# advice on choosing a travel trailer



## gatorbait (Mar 6, 2006)

Hi everyone,
I am new to RVing and to forums. I would like your suggestions for a reliable travel trailer (not fifth wheel trailers) under 20 feet long that will accomodate my fiance and our dog for road trips up to three months long (I am an artist). I will be towing with a Chevy Express 2500 extended length van with a V8 and tow package. What are the features in a travel trailer we can't live without, what sort of construction should we look for in both the trailer and its amenities, what add-ons or manufacturers should we stay away from, what sort of maintenance do we need to be aware of on these trailers? What can we expect for fuel efficiency and how can we increase it? We have done a little RVing with a three horse trailer and living quarters in front, but that's it, and never more than a few days at a time.

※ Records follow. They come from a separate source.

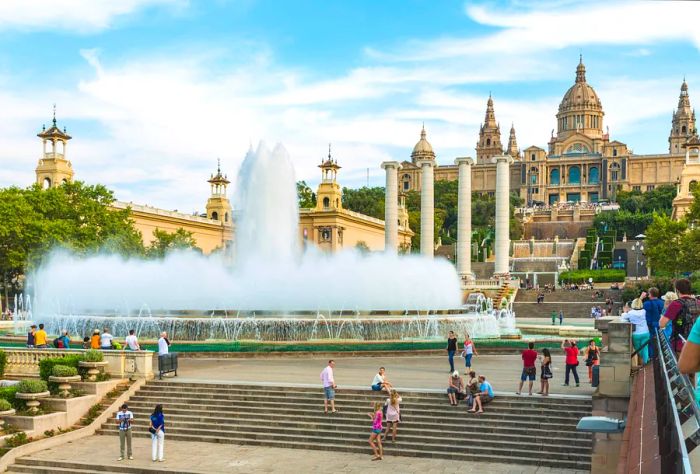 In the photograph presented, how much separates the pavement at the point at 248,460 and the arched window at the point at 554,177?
6887 inches

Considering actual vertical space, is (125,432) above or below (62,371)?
below

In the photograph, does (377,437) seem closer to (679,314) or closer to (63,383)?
(679,314)

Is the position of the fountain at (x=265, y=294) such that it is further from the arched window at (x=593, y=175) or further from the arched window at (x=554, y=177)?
the arched window at (x=554, y=177)

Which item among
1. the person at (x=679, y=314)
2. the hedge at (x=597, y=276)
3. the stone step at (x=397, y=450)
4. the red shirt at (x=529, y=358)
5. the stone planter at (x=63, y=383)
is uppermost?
the hedge at (x=597, y=276)

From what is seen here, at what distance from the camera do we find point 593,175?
600 ft

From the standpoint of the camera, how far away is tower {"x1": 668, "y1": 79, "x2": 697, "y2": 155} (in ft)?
627

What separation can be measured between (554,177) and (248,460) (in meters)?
177

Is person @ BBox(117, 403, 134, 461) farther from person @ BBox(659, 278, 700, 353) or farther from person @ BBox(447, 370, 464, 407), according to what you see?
person @ BBox(659, 278, 700, 353)

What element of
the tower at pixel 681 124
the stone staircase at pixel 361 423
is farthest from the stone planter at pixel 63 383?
the tower at pixel 681 124

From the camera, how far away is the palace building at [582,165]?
177 m

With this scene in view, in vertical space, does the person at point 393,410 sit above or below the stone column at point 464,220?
below

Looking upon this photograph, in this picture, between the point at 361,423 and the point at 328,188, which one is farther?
the point at 328,188

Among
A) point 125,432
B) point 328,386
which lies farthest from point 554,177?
point 125,432

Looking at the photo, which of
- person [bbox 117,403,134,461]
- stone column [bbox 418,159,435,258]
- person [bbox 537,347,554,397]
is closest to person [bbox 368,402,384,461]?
person [bbox 537,347,554,397] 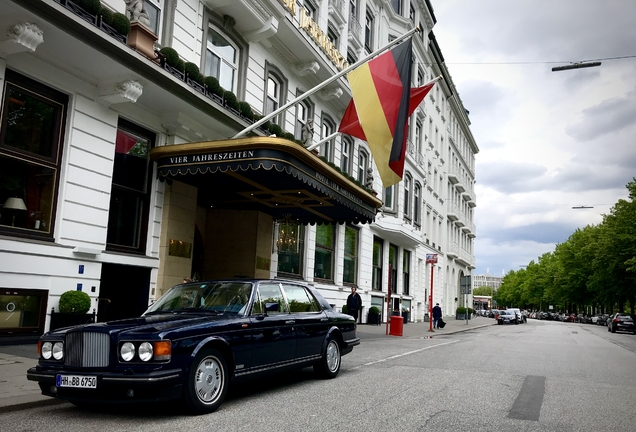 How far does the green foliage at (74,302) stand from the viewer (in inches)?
425

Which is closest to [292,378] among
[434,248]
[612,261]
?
[434,248]

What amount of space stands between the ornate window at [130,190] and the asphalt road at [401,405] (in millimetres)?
5881

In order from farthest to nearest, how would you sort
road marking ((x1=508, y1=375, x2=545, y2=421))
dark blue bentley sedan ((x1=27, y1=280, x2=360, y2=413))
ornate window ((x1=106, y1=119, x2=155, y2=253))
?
1. ornate window ((x1=106, y1=119, x2=155, y2=253))
2. road marking ((x1=508, y1=375, x2=545, y2=421))
3. dark blue bentley sedan ((x1=27, y1=280, x2=360, y2=413))

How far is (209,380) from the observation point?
6273 mm

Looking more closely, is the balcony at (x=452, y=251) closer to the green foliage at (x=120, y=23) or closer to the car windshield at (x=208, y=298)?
the green foliage at (x=120, y=23)

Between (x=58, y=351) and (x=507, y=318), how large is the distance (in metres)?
48.4

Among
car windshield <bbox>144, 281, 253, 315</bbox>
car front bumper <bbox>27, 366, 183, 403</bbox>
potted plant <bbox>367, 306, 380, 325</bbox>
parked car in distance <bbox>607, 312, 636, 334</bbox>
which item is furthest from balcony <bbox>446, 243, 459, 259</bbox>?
car front bumper <bbox>27, 366, 183, 403</bbox>

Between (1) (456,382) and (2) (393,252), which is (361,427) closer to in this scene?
(1) (456,382)

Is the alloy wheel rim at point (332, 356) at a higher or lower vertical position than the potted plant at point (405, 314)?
higher

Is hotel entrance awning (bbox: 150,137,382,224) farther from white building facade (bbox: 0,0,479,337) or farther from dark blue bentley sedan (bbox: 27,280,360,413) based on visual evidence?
dark blue bentley sedan (bbox: 27,280,360,413)

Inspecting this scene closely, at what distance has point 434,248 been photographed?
1769 inches

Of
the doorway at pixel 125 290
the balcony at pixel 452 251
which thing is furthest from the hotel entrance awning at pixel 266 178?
the balcony at pixel 452 251

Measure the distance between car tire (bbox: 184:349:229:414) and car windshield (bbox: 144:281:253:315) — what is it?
90 cm

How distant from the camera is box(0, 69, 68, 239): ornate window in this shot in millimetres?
10156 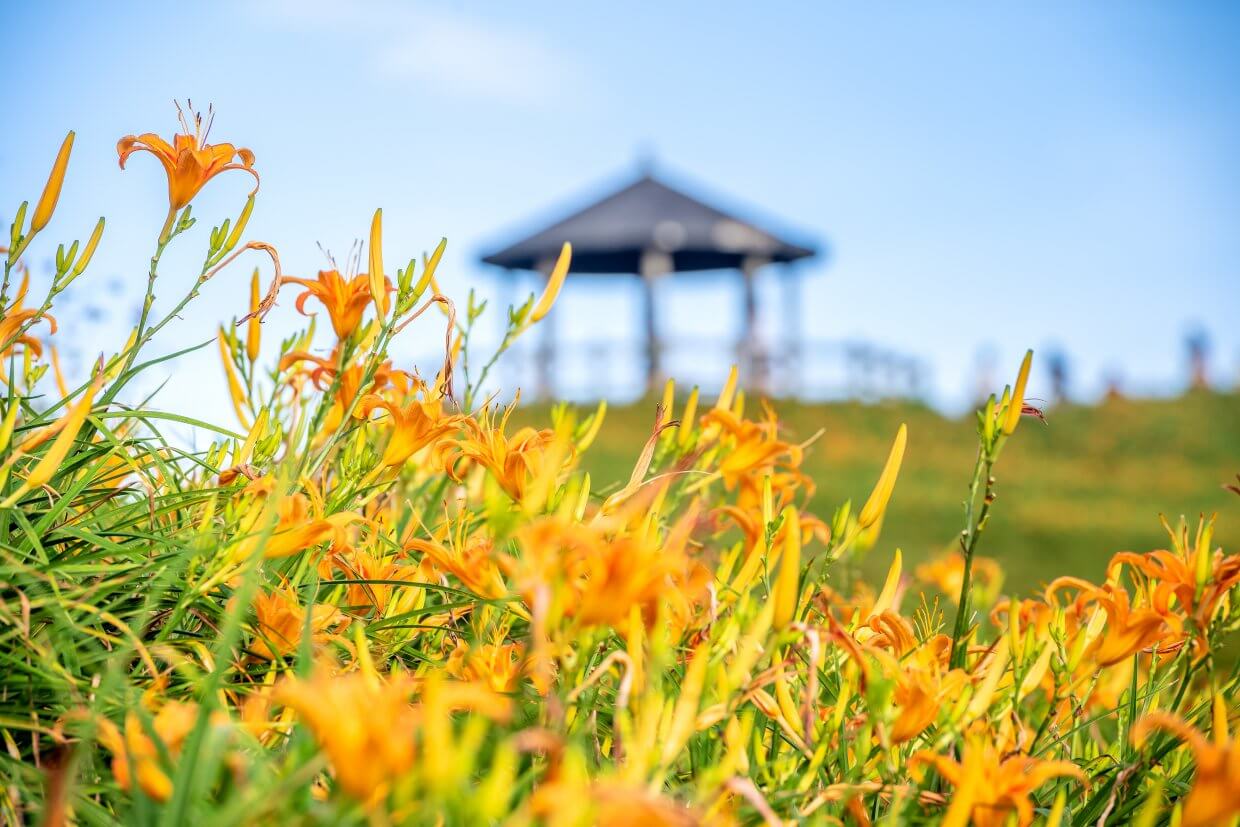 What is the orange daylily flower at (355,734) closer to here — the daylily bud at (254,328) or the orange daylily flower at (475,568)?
the orange daylily flower at (475,568)

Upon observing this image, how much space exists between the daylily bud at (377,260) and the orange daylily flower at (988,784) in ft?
1.90

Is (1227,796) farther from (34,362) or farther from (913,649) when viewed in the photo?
(34,362)

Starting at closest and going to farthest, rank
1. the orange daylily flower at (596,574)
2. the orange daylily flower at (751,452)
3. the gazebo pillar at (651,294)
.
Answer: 1. the orange daylily flower at (596,574)
2. the orange daylily flower at (751,452)
3. the gazebo pillar at (651,294)

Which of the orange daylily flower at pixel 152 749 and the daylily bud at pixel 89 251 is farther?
the daylily bud at pixel 89 251

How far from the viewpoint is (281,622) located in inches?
34.0

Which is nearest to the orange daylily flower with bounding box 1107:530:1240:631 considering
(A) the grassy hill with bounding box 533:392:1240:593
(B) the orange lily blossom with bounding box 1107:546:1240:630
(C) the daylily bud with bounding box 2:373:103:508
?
(B) the orange lily blossom with bounding box 1107:546:1240:630

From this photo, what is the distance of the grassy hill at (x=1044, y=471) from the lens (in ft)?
26.0

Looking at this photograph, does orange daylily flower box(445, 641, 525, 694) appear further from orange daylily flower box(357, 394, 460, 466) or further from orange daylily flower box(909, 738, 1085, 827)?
orange daylily flower box(909, 738, 1085, 827)

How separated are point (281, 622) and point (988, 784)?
58 centimetres

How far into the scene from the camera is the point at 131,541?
38.0 inches

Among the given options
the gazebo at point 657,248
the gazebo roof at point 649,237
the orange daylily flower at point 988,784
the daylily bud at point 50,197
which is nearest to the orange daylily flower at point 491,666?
the orange daylily flower at point 988,784

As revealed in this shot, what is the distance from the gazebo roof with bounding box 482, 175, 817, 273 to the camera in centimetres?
1562

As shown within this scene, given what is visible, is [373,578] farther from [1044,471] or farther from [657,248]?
[657,248]

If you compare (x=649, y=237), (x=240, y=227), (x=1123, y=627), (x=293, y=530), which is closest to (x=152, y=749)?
(x=293, y=530)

Thanks in advance for your help.


----------



## C Nash (Mar 6, 2006)

advice on choosing a travel trailer

Where will you be camping? Boondocking or campgrounds with hookups. Will you be summertime or winter?  less than 20 ft seems mighty small to spend 3 months in. Check into a small Airstream.  They are easy to tow and very reliable IMO. I would also suggest a slide. think I have seen some small units with one but don't think Airstream ofers slides in their small units. might also want to check out Scamp units.


----------



## hertig (Mar 6, 2006)

advice on choosing a travel trailer

We had a 24 foot trailer with one slide for 2 of us and 7 cats, which was fine for 1 month at a time.  I think we might have been able to go 3 months in it, but can't be sure.  Certainly smaller would not have been much fun.  Also, even if you can stand to be that close to each other for 3 months, can you carry 3 months worth of stuff in it?


----------



## gatorbait (Mar 7, 2006)

advice on choosing a travel trailer

Thanks the the advice so far. We will be camping during the summer in it both at campgrounds and boondocking. I do know that it must have air conditioning because I do a lot of work in Florida, including in the summer. Some things can be stored in the van. We're also planning on using a screen enclosure to set up an outdoor kitchen and sitting area. Mostly we will be only spending time in the trailer for sleeping and on rainy days.


----------



## Micah (Mar 8, 2006)

advice on choosing a travel trailer

Gatorbait,  my wife & I just bought a 20 ft. Salem LE, by Forest River. it has all we and our 2 Doxies will need for our trips, probably not exceeding One month. By the way we are realy new to this. Last summer we traveled accross the country to Wash St. in a Chalet Pop Up, and fell in love with the RVing. Have not had the New toy out yet, so I am not realy of much help. Sounds like you could be in Fl., we're not far from Daytona. The people on this forum are real helpful, it is one of the better ones I've found.


----------



## Krazeehorse (Mar 8, 2006)

advice on choosing a travel trailer

Do all the trailers use standard mattresses now?  If not, that would be a deal breaker for me.  Gotta sleep well at night.


----------



## TexasClodhopper (Mar 9, 2006)

advice on choosing a travel trailer

Krazeehorse, we negotiated a Select Comfort (air mattress) into our deal for our MH.  (They did it to keep us from going back to the "other guys".) The mattress that came with it was a cheap one.


----------